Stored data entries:
========

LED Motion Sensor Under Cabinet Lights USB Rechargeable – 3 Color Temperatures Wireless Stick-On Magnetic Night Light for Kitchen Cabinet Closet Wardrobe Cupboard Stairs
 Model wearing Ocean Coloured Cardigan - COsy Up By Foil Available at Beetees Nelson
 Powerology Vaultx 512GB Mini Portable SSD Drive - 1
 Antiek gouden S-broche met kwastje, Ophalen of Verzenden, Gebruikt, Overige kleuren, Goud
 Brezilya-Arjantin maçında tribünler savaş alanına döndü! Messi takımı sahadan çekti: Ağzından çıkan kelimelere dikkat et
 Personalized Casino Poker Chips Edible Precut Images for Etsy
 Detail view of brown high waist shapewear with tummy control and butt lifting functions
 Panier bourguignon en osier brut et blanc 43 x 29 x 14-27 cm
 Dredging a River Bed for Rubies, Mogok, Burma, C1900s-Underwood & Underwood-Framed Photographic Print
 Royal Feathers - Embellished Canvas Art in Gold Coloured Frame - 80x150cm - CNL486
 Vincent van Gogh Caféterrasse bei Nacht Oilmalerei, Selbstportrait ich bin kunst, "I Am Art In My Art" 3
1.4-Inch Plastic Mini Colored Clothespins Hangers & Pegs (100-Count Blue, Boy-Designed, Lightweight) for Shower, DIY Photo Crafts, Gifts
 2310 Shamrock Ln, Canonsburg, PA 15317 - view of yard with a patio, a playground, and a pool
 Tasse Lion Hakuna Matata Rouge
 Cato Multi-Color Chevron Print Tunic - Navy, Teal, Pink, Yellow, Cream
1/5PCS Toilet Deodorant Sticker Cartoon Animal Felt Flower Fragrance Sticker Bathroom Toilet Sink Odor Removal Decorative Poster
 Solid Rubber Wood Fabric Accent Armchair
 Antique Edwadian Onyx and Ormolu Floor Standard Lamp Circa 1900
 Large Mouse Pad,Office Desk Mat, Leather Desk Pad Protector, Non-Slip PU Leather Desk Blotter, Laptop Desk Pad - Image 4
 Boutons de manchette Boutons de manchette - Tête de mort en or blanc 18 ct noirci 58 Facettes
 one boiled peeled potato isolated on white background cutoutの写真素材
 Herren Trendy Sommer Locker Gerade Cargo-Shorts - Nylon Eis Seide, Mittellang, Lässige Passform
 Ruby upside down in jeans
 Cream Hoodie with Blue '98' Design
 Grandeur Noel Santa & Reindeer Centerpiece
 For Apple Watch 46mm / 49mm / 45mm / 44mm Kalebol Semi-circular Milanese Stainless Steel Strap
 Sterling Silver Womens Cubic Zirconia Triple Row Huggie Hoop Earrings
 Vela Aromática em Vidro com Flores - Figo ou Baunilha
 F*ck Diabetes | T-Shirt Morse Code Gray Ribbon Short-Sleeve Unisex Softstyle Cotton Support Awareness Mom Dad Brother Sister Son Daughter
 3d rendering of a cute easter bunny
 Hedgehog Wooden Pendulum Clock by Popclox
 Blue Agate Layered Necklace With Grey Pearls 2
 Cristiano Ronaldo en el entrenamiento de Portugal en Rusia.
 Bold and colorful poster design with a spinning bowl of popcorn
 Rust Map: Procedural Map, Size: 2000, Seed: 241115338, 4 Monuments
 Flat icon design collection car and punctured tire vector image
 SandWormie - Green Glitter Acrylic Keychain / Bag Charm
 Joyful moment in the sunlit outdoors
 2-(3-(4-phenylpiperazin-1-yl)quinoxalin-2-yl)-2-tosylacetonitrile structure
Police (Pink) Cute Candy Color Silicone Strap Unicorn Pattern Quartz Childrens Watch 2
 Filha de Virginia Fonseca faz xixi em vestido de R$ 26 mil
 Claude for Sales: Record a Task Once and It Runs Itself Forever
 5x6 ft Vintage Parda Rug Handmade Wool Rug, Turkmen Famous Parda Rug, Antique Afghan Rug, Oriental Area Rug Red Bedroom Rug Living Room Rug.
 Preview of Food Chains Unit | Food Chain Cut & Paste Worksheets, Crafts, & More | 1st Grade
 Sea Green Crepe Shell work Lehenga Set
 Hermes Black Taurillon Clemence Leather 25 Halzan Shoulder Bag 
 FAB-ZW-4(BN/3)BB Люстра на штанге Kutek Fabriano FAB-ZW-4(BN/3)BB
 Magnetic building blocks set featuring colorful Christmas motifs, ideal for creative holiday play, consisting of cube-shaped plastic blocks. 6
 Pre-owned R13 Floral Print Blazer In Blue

========

Work request
Look over the entries above. Copy every line that contains the word "Magnetic".

Response box
LED Motion Sensor Under Cabinet Lights USB Rechargeable – 3 Color Temperatures Wireless Stick-On Magnetic Night Light for Kitchen Cabinet Closet Wardrobe Cupboard Stairs
 Magnetic building blocks set featuring colorful Christmas motifs, ideal for creative holiday play, consisting of cube-shaped plastic blocks. 6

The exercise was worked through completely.